[What is required] Copy each record exactly as it reads, leaving out any pictures it holds.

Pictures with short captions
________________________________________

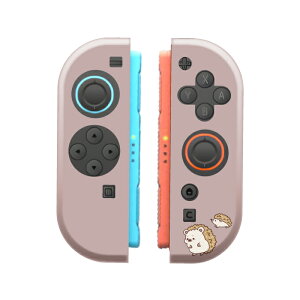 Nintendo Switch2 switch2 switch2��p �P�[�X �C�V�� �X�C�b�`2 Joy-Con �W���C�R�� �J�o�[ �P�[�X �a���� �N���X�}�X �M�t�g �v���[���g �n���l�Y�~ �͂�˂��� �j�l ���� �A�j�}�� ���킢�� �ی� �ی�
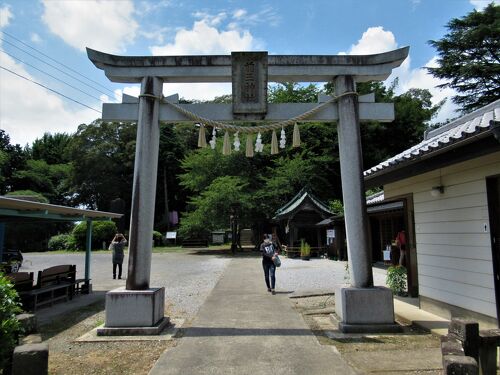 ホテル イスパニア行田(埼玉県行田市) - サウナイキタイ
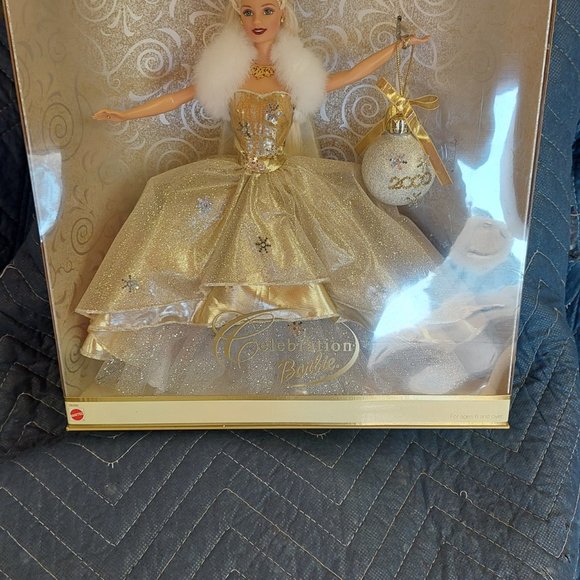 Barbie collection - Picture 15 of 16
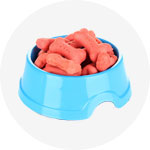 Best Online|Pet Store Dubai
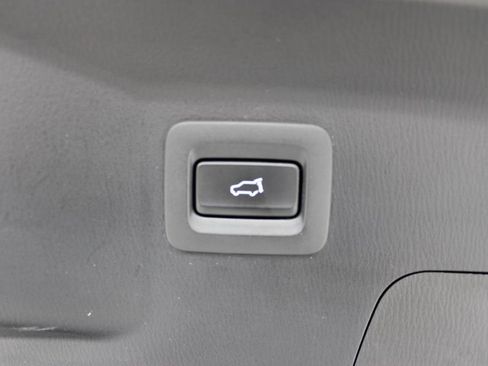 Used 2023 MAZDA CX-9 Signature AWD/4WD image 34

________________________________________

[Response]
 Nintendo Switch2 switch2 switch2��p �P�[�X �C�V�� �X�C�b�`2 Joy-Con �W���C�R�� �J�o�[ �P�[�X �a���� �N���X�}�X �M�t�g �v���[���g �n���l�Y�~ �͂�˂��� �j�l ���� �A�j�}�� ���킢�� �ی� �ی�
 ホテル イスパニア行田(埼玉県行田市) - サウナイキタイ
 Barbie collection - Picture 15 of 16
 Best Online|Pet Store Dubai
 Used 2023 MAZDA CX-9 Signature AWD/4WD image 34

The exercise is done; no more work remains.